§ Task to carry out: Restate the listing that follows word for word, without its pictures.

§ Dataset extract:
--*--

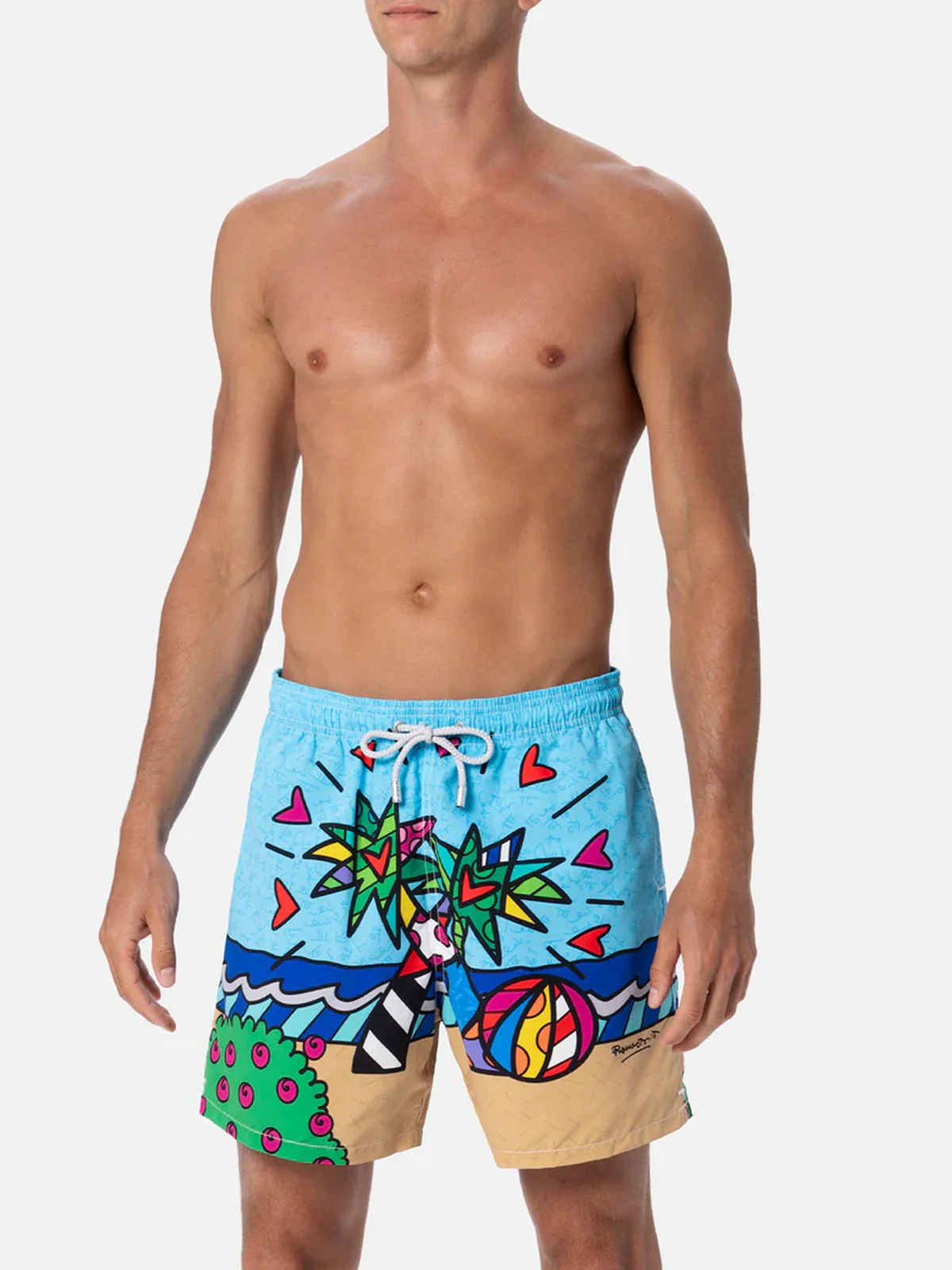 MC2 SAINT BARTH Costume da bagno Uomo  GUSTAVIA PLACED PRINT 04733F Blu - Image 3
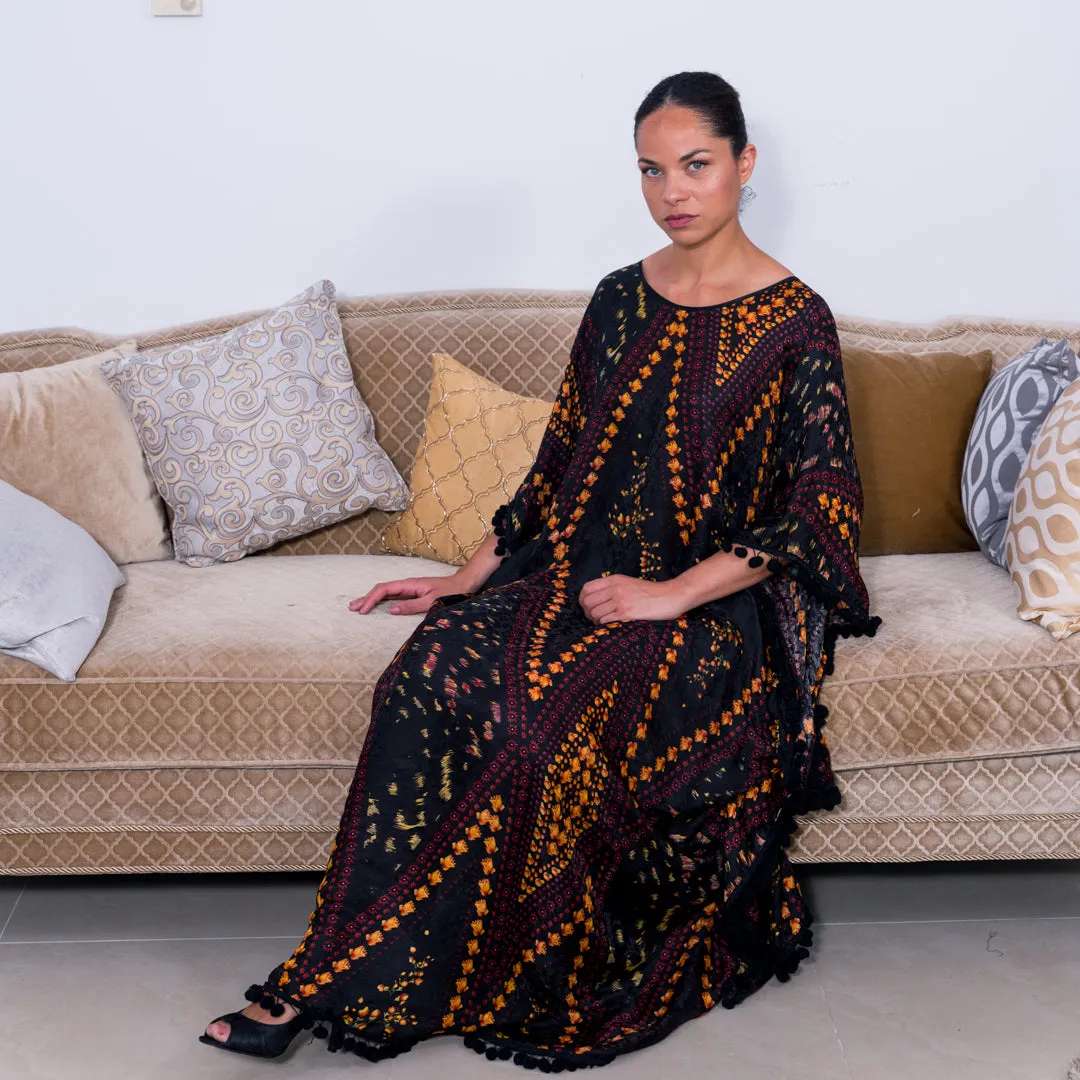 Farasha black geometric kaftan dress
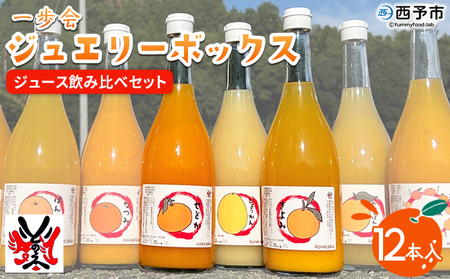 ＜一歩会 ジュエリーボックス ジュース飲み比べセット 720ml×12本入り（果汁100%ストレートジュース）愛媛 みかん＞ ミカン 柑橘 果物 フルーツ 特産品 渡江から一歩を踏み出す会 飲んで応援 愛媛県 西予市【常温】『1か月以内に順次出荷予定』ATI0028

--*--

§ The completed task:
 MC2 SAINT BARTH Costume da bagno Uomo  GUSTAVIA PLACED PRINT 04733F Blu - Image 3
 Farasha black geometric kaftan dress
 ＜一歩会 ジュエリーボックス ジュース飲み比べセット 720ml×12本入り（果汁100%ストレートジュース）愛媛 みかん＞ ミカン 柑橘 果物 フルーツ 特産品 渡江から一歩を踏み出す会 飲んで応援 愛媛県 西予市【常温】『1か月以内に順次出荷予定』ATI0028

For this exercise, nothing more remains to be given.